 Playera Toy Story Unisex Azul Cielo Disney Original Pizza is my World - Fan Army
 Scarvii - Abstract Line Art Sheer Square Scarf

# # # # #

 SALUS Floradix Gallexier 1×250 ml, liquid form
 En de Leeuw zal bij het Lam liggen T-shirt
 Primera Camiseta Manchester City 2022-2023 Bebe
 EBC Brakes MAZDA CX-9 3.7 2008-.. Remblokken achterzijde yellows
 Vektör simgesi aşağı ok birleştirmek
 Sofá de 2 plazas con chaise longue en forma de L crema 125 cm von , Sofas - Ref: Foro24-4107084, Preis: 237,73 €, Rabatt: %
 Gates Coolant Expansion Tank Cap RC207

# # # # #

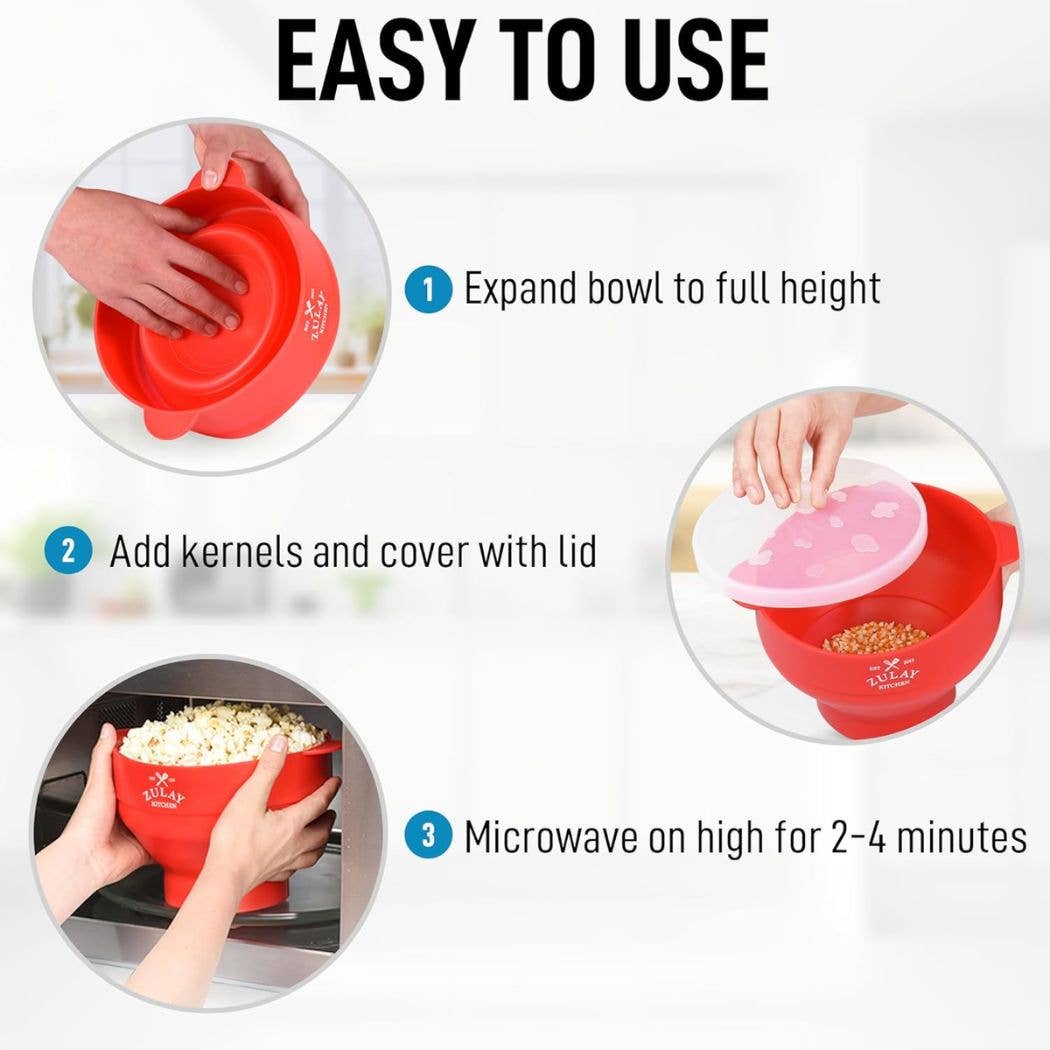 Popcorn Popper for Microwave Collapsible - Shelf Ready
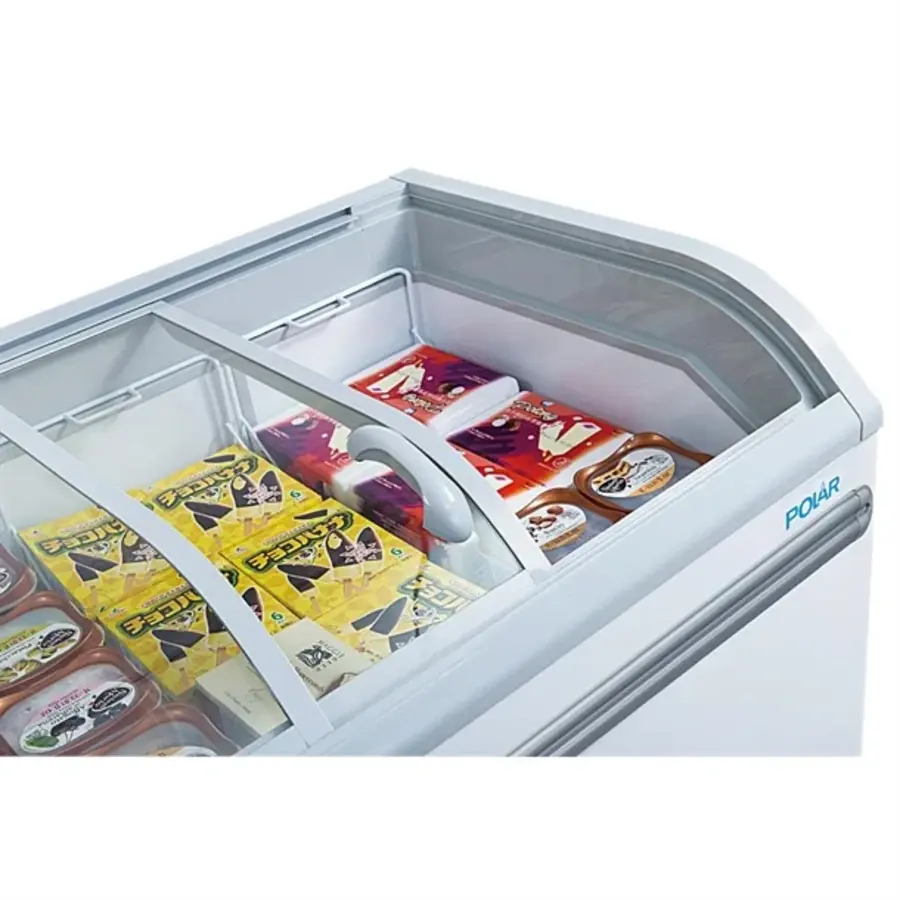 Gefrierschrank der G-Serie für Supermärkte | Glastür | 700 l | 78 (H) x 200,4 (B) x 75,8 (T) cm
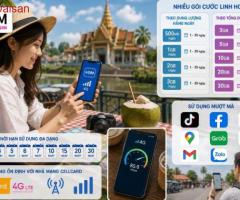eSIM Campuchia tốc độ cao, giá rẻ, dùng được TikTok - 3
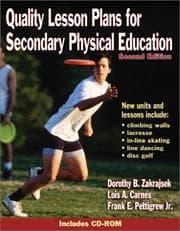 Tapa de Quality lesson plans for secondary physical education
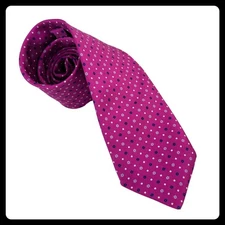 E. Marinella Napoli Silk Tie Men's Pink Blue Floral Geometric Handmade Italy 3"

# # # # #

Assignment
Precisely the lines between those holding "Vektör simgesi aşağı ok birleştirmek" and "Gates Coolant Expansion Tank Cap RC207", inclusive, are to be reproduced from the listing above, with nothing added.

Problem solution
 Vektör simgesi aşağı ok birleştirmek
 Sofá de 2 plazas con chaise longue en forma de L crema 125 cm von , Sofas - Ref: Foro24-4107084, Preis: 237,73 €, Rabatt: %
 Gates Coolant Expansion Tank Cap RC207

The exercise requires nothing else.